- _YOUR INSTRUCTIONS_:
Please reproduce exactly the line that carries "La Briciola Apartment" and all remaining lines through the last line of the data, and write nothing else.

Top of DATA SHOWN

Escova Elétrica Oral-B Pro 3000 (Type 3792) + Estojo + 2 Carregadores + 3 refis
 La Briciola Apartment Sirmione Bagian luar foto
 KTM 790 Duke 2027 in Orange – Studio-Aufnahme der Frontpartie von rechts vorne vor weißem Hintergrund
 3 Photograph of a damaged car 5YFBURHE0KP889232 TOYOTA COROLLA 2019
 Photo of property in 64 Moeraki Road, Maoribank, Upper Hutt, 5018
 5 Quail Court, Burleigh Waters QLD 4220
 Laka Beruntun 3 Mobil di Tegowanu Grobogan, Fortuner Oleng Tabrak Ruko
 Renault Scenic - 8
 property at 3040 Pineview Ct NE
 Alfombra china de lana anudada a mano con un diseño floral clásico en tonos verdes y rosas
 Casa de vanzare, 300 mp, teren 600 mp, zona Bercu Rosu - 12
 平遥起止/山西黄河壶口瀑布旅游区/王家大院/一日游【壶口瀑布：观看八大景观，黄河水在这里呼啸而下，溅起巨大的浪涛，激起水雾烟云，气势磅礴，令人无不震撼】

Bottom of DATA SHOWN

- _RESULT FOR THIS TASK_:
 La Briciola Apartment Sirmione Bagian luar foto
 KTM 790 Duke 2027 in Orange – Studio-Aufnahme der Frontpartie von rechts vorne vor weißem Hintergrund
 3 Photograph of a damaged car 5YFBURHE0KP889232 TOYOTA COROLLA 2019
 Photo of property in 64 Moeraki Road, Maoribank, Upper Hutt, 5018
 5 Quail Court, Burleigh Waters QLD 4220
 Laka Beruntun 3 Mobil di Tegowanu Grobogan, Fortuner Oleng Tabrak Ruko
 Renault Scenic - 8
 property at 3040 Pineview Ct NE
 Alfombra china de lana anudada a mano con un diseño floral clásico en tonos verdes y rosas
 Casa de vanzare, 300 mp, teren 600 mp, zona Bercu Rosu - 12
 平遥起止/山西黄河壶口瀑布旅游区/王家大院/一日游【壶口瀑布：观看八大景观，黄河水在这里呼啸而下，溅起巨大的浪涛，激起水雾烟云，气势磅礴，令人无不震撼】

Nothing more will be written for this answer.